En annonçant le jugement sur Israël, Jésus est ému de compassion envers Jérusalem, centre de ce système de méchanceté qui allait subir les jugements de Dieu. Son amour avait travaillé depuis des siècles, mais toujours en vain, pour ramener ce peuple rebelle. Jésus, qui est l’Éternel de l’Ancien Testament, avait déjà dit, lors de la transportation du peuple à Babylone, qu’il avait envoyé «vers eux par ses messagers, se levant de bonne heure et envoyant, car il avait compassion de son peuple et de sa demeure» (2 Chroniques 36:15). Ici, à cette heure solennelle, il s’écrie: «Jérusalem, Jérusalem, la ville qui tue les prophètes et qui lapide ceux qui lui sont envoyés, que de fois j’ai voulu rassembler tes enfants comme une poule rassemble ses poussins sous ses ailes, et vous ne l’avez pas voulu! Voici, votre maison vous est laissée déserte, car je vous dis: Vous ne me verrez plus désormais, jusqu’à ce que vous disiez: Béni soit celui qui vient au nom du Seigneur!»

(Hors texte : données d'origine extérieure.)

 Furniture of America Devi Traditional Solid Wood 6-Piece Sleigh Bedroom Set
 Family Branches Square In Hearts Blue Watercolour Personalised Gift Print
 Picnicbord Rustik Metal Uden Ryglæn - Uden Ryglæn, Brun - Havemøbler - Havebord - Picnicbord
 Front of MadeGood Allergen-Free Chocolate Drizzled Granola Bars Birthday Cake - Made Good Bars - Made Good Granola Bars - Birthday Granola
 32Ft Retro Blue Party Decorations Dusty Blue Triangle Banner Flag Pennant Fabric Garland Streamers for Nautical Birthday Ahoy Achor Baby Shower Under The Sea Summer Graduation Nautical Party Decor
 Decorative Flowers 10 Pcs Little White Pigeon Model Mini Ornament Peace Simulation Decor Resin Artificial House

Quelles paroles solennelles sorties de la bouche de Celui qui était venu en amour à ce peuple bien-aimé! Mais la dureté de l’homme avait constamment refoulé cet amour au-dedans du cœur de Jésus et l’empêchait de le manifester plus longtemps à son peuple selon la chair. Ce même amour allait conduire Jésus à la croix et là, par son sacrifice, rendre possibles, sur le pied de la grâce, les bénédictions que les Juifs refusaient.

Lorsque Jésus apparaîtra en gloire, le résidu souffrant l’appellera et dira: «Béni soit celui qui vient au nom du Seigneur!», «Hosanna au fils de David!» selon le Psaume 118:26. C’est pourquoi Jésus dit: «Vous ne me verrez plus... jusqu’à ce que vous disiez: Béni soit celui qui vient au nom du Seigneur!»